Sie wurde in nur acht Monaten gebaut: Die Elberfelder Johanneskirche entstand aus der „Kraft der Not“. Sie ist unsere Kirche des Monats März.

Sie sollte eine Oase in der Trümmerwüste der Nachkriegszeit sein, ein Ort der Gemeinschaft, in dem die Menschen Hoffnung und Heilung, Aufbruch und Segen finden konnten. Die Erwartungen an die neue Johanneskirche der Lutherischen Gemeinde Elberfeld-Süd waren hoch, als sie am Ostersonntag 1949 eingeweiht wurde. Alle anderen Kirchengebäude der Gemeinde waren im Zweiten Weltkrieg stark beschädigt worden, darunter die Christuskirche in der Elberfelder Südstadt.

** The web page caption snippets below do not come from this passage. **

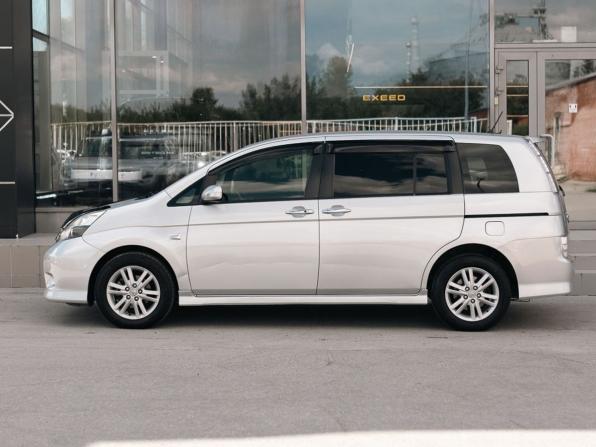 Toyota ISis I Рестайлинг с пробегом 2011 года, цена 1 280 000 рублей, 119487 км, компактвэн, Автокод Объявления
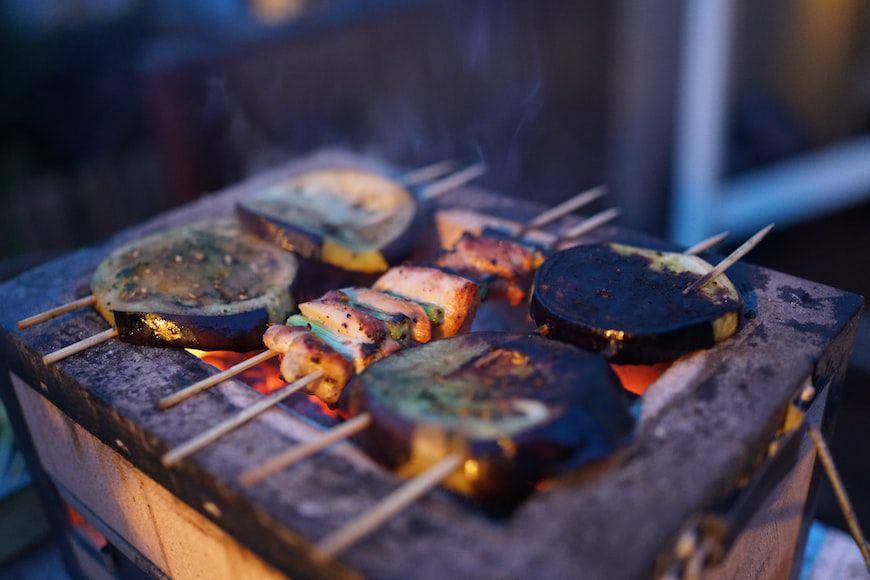 ilustrasi makanan gosong (unsplash.com/jessie beck)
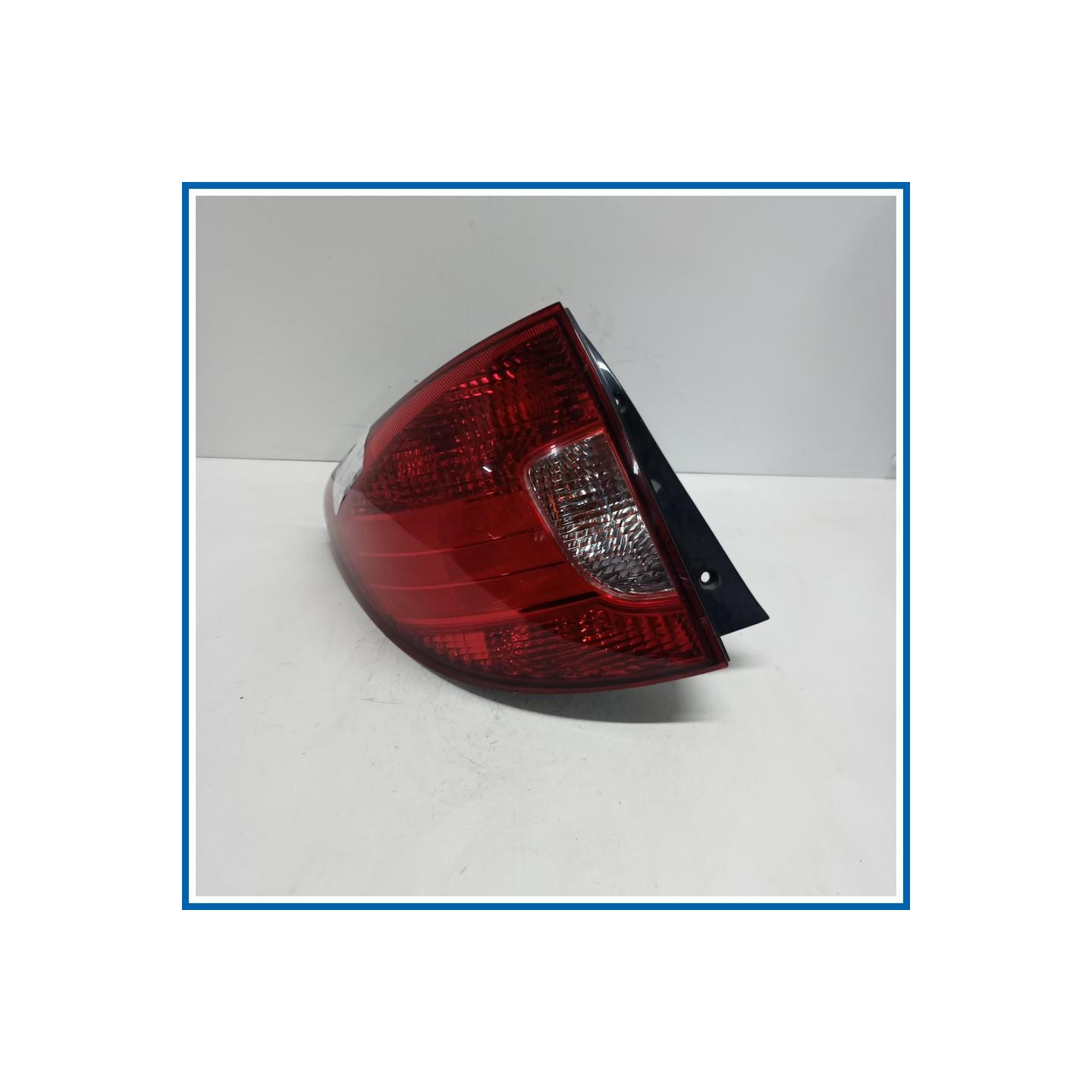 Fanale post. sx. KIA Rio I SW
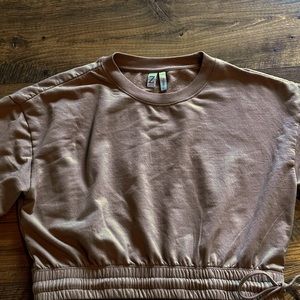 Cute, trendy, cropped long sleeve with tie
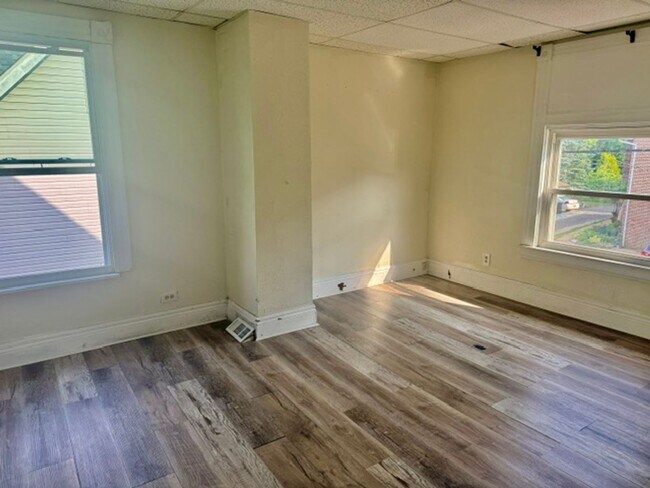 Building Photo - 2 Bedroom House for Rent Irwin, PA 15642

In der Johanneskirche am von der Heydt-Park konnte nun endlich sicher und festlich Gottesdienst gefeiert werden. Und das nach nur acht Monaten Bauzeit. Für das ehrgeizige Projekt wurden viele freiwillige Helfer und Studenten der Kirchlichen Hochschule Wuppertal eingespannt. Sie verrichteten die Arbeiten am Fundament, Bauhandwerker führten die Maurerarbeiten aus. Es war der erste Kirchenneubau Wuppertals nach dem Zweiten Weltkrieg, eine sogenannte „Notkirche“ der besonderen Art.

Architektur der Ehrlichkeit

Denn den Entwurf hatte der erfahrene Architekt und Ideengeber des Weimarer Bauhauses Otto Bartning (1883 bis 1959) geliefert. Dabei kombinierte er seriell vorgefertigte Bauteile mit dem Trümmermaterial, das es vor Ort gab. Die so gebauten Kirchen – 43 waren es in ganz Deutschland – verstand der Architekt dabei keineswegs als eine Not- oder Übergangslösung, sondern als „neue und gültige Gestalt aus der Kraft der Not“. Für Bartning war der auf elementare Materialien wie Holz, Stein und Stahl beschränkte Bau eine „Architektur mit bedingungsloser Ehrlichkeit“, die ein „Bekenntnis zu der aus der Armut erwachsenden geistigen Freiheit“ ablegte.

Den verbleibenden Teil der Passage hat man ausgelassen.